The broth has the warmth of pureed chilies and garlic, all zipped up with plenty of fresh lime juice and flavorful garnishes. If you’re feeling a little lethargic, this is definitely a lazy day soup. Just pick up the ingredients along with your last minute Thanksgiving shopping and it can be thrown together in a snap the day after. The only step that takes the tiniest amount of effort is the chili puree.Easy Turkey Tortilla Soup
serves 4 for a first course, two for a meal
4 cups homemade turkey broth or canned chicken broth
1-2 large garlic cloves, crushed into a pulp
2-3 tablespoons Ancho or New Mexico chili purée, depending on taste (see note for instructions)

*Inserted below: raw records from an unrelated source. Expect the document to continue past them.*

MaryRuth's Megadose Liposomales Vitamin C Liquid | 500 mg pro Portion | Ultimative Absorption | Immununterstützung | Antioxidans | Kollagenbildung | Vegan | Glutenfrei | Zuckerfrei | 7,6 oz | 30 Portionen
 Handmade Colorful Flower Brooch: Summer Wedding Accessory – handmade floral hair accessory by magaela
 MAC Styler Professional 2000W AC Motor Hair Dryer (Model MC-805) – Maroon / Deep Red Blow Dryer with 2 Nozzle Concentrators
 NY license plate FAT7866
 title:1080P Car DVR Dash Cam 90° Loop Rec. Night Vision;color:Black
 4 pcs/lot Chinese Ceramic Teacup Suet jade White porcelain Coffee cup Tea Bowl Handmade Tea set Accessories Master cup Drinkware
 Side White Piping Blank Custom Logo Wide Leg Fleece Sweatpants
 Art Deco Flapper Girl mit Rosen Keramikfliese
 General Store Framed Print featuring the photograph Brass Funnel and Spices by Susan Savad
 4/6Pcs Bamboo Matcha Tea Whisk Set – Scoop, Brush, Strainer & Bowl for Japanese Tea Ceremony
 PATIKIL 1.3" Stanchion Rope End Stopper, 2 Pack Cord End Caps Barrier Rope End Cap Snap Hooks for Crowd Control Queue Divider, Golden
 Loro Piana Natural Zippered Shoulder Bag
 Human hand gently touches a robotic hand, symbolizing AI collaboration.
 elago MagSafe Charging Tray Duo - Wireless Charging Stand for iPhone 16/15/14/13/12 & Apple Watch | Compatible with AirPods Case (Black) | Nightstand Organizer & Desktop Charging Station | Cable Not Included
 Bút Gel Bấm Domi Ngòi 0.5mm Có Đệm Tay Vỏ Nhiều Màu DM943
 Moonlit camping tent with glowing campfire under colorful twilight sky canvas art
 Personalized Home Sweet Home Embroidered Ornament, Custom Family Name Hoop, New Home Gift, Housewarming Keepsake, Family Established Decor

One 15 ounce can chopped tomatoes with juice
2 small carrots, cut into bite-sized pieces
1-1/2 cups cooked, shredded turkey meat
Salt and pepper to taste
Crumbled tortilla chips
Fresh cilantro leaves
Crumbled queso fresco (optional)
In a medium soup-pot, heat the broth until simmering, add the garlic, chili purée, tomatoes and carrots and simmer until carrots are soft, but still retain a bit of crispness, 15-20 minutes.
Add salt and pepper to taste and shredded turkey. Simmer until warmed through.
Remove from heat, adjust seasonings and serve immediately with garnishes.
For chili purée: Soak 2-3 dried Ancho or New Mexico chilies in boiling water until soft (about 10 minutes). Purée the chilies in a blender with just enough of their soaking water to make a smooth, not too thick, paste. Leftover chili purée will keep in the refrigerator for one week or the freezer for 2 months.